Ebook Deals Today is a place where authors can feature their bargain ebooks, so you can go there to get daily deals. All ebooks will have at least half a dozen positive reviews on Amazon and be $6.99 or less. So check it out if you’re looking for a good deal on a good read. You can follow the site at @ebookdeals2day on twitter.
Then I spent a couple of hours today updating the ebook files for The Chosen to reflect the revisions the book has gone through. I once again worked with Lynn O’Dell and her team of editor ninjas at Red Adept Editing Services to clean up tense issues, word choice issues, repetition issues and mommy issues. Okay, they didn’t really help me with mommy issues. That’s what tequila is for. But if you haven’t read The Chosen, I now once again recommend it. I’ve spent a lot of time with those people recently, and I like them again. They’re fun. It’s worth a read.
Once I got that done, I reformatted the print edition of Hard Day’s Knight and got it uploaded. I’m down to just three hard copies left with the old cover, so I wanted to repaginate the whole thing and get copies with the new cover on it for my December signings. We’ll see how that works out. Tomorrow I’ll probably spend some time doing the same thing to Back in Black. I have a lot of copies of that one on hand, but when people look at the big canvas print of my new HDK cover, and the Knight Moves cover, they want Back in Black with the new cover. So I might be having a paperback sale here on the site after Thanksgiving. Keep your eyes open!
by john | Oct 26, 2011 | Fiction, Return to Eden, Writing
Aside from being a killer book cover, it might help to know a little about the book, huh?

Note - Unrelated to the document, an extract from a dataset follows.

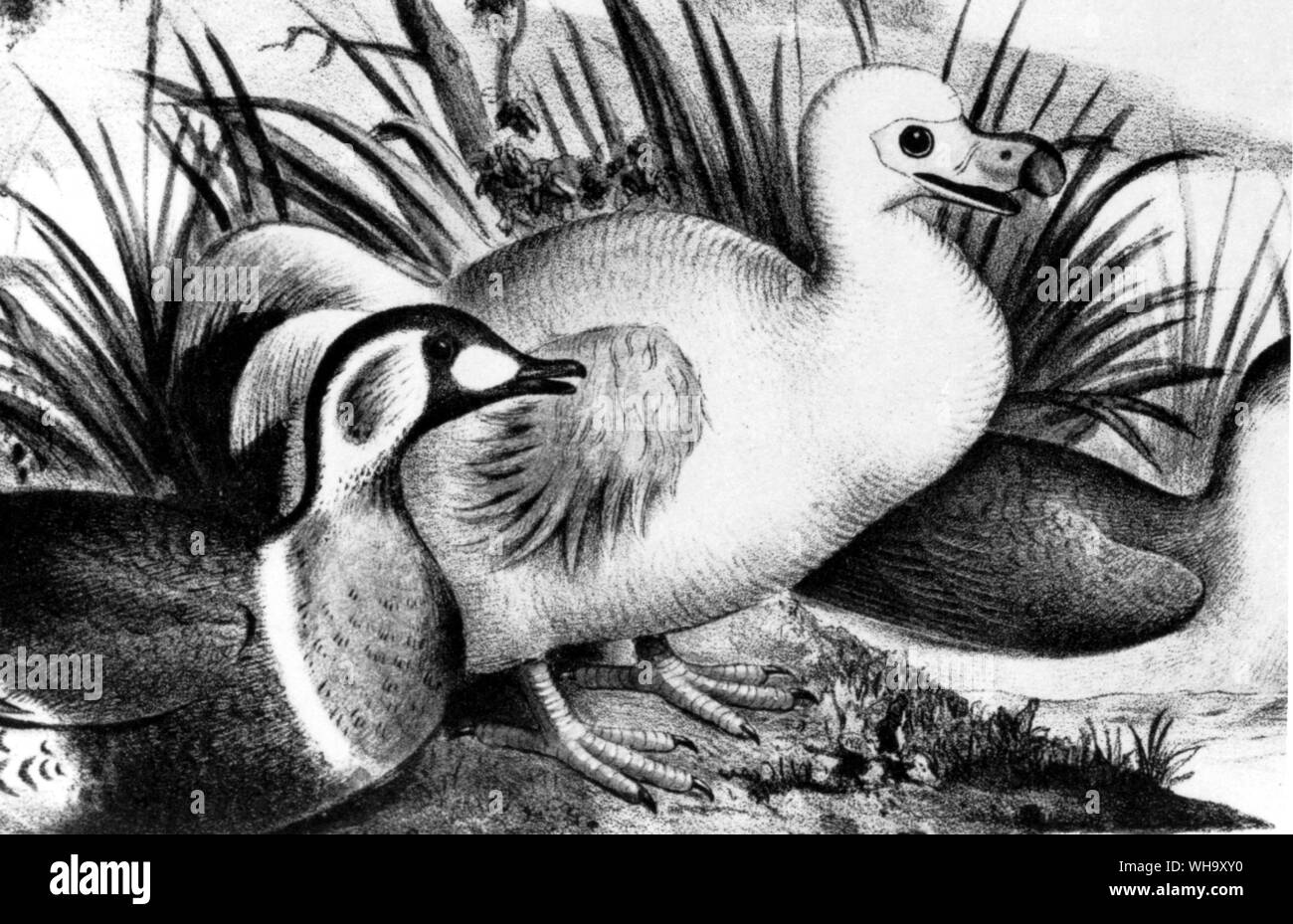 Weiß Dodo und andere Vögel. Aquarell von Das siebzehnte Jahrhundert die niederländischen Künstler Pieter Witthoos, die früher in der Sammlung von Walter Rothschild Stockfoto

Genesis is the first volume of the Return to Eden trilogy. Unlike The Black Knight Chronicles, which is an open-ended series of stand-alone stories featuring the same characters in a string of related, but largely unconnected adventures, Return to Eden will be a traditional trilogy. It’s a three-book story, then we’re done.
The story centers on 17-year-old Christin Kinsey, her brother Matt, and the group of survivors they assemble in their journey. In the aftermath of an EMP (electro-magnetic pulse) attack, everything with a computer chip is fried, effectively throwing the world back a century in our technology. Most cars don’t work, most household appliances don’t work, and even if they did, there’s no electricity to power them. There’s no TV, no internet, no game consoles, no cell phones and no iPods.
Sounds like Hell for Teenagers, doesn’t it?
Well it gets worse. Not only do the teens have to learn how to survive in a world suddenly devoid of most of the creature comforts we’ve grown up with, but the basics of civilization start to erode with the infrastructure. Small-town sheriffs become more like feudal lords than law enforcement officers.
And then there’s the odd little fact that everyone between 13 and 20 seems to have suddenly developed superpowers. With the interference from technology gone, people are able to touch magic again, old, elemental magic. But only if you’re young enough, or open enough, to believe. So now the adults are acting like the kids in Lord of the Flies while a bunch of super-powered teenagers try to stay alive.
And all Christin really wants to do is make sure her mom is safe.
That’s a brief rundown on Genesis and the whole Return to Eden series. Available 11.11.11 wherever books are sold.